# [Problem to work on]
Your answer must be the full set of records, copied exactly, with no pictures in it.
Top of Material shown
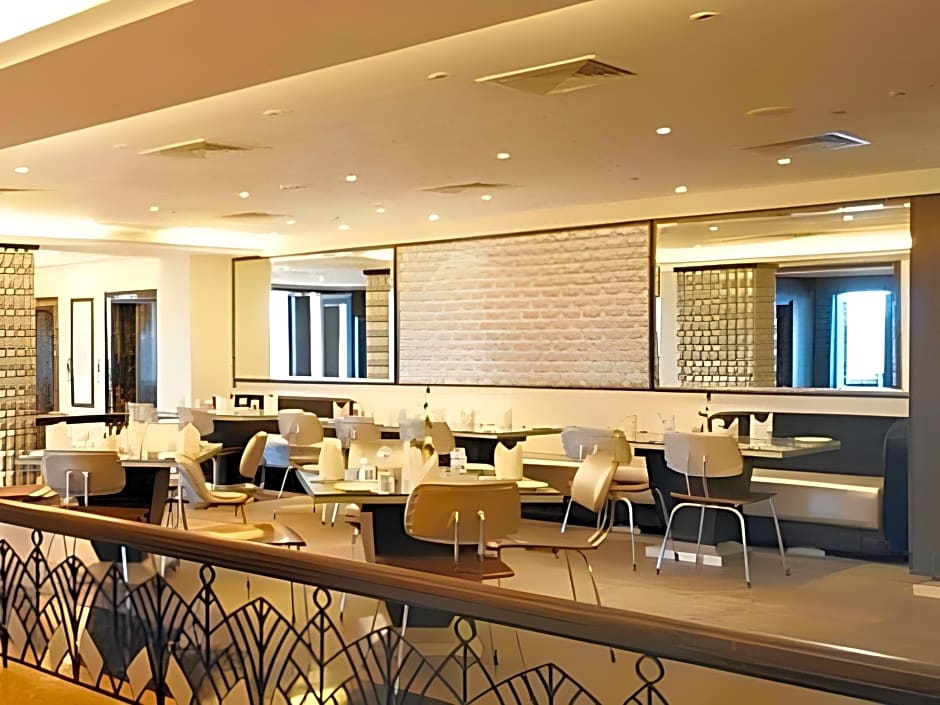 Mayfair Convention Hotel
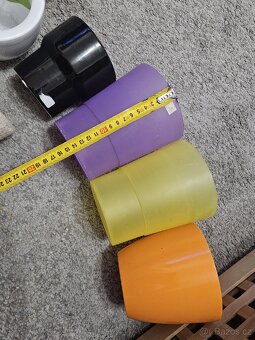 květináče různé - 2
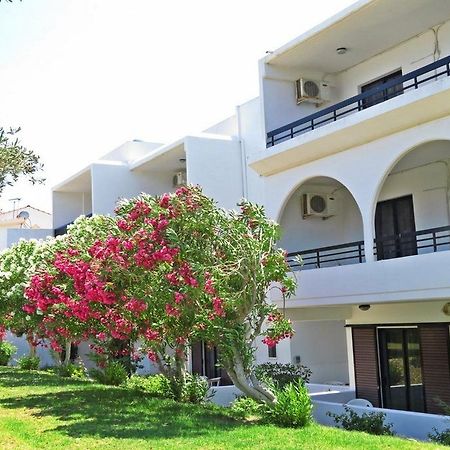 Debby Apartments イアリソス エクステリア 写真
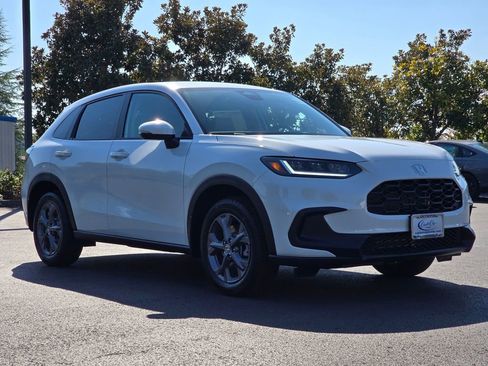 New 2026 Honda HR-V LX image 3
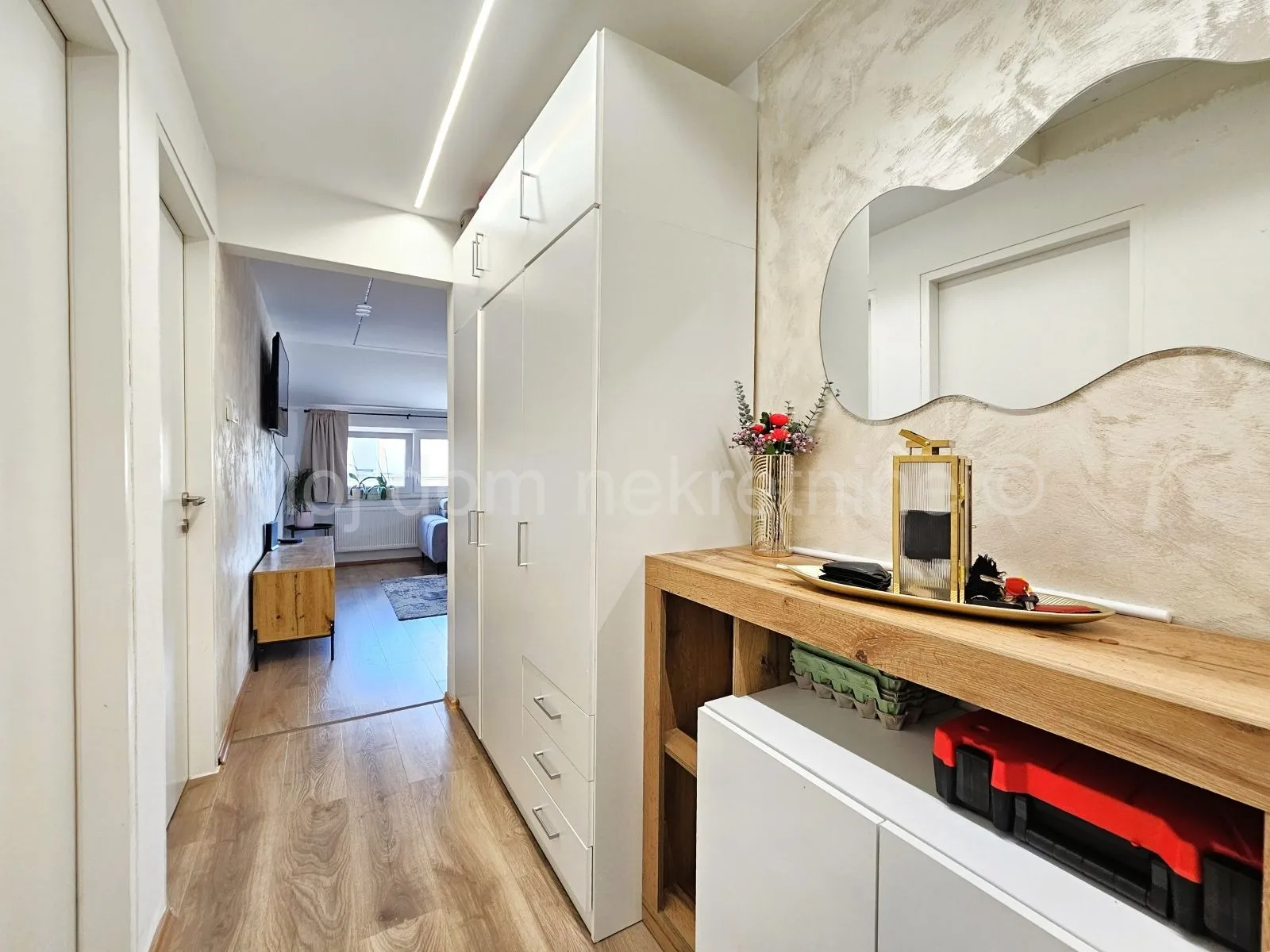 velika gorica, 5 soban stan s balkonom, terasom i vrtom, nkp 89.68m2 - slika 16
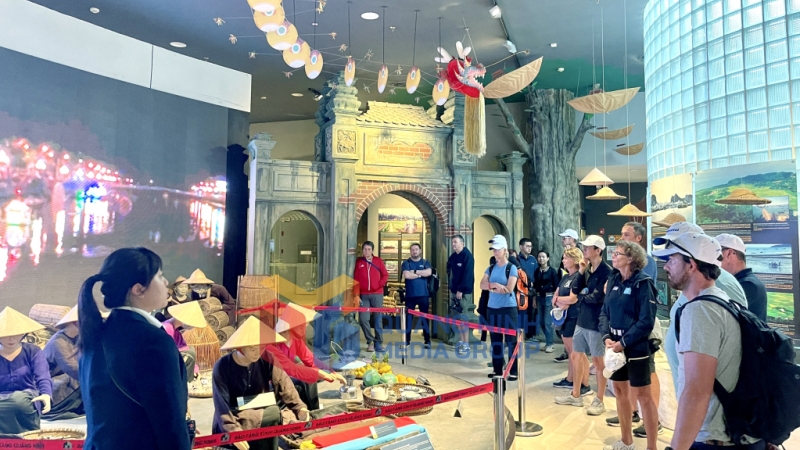 Các thủy thủ trong Cuộc đua thuyền buồm vòng quanh thế giới Clipper Race mùa giải 2023-2024 tham quan Bảo tàng Quảng Ninh (2-2024). Ảnh: Hoàng Nga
Bottom of Material shown
# [Response]
 Mayfair Convention Hotel
 květináče různé - 2
 Debby Apartments イアリソス エクステリア 写真
 New 2026 Honda HR-V LX image 3
 velika gorica, 5 soban stan s balkonom, terasom i vrtom, nkp 89.68m2 - slika 16
 Các thủy thủ trong Cuộc đua thuyền buồm vòng quanh thế giới Clipper Race mùa giải 2023-2024 tham quan Bảo tàng Quảng Ninh (2-2024). Ảnh: Hoàng Nga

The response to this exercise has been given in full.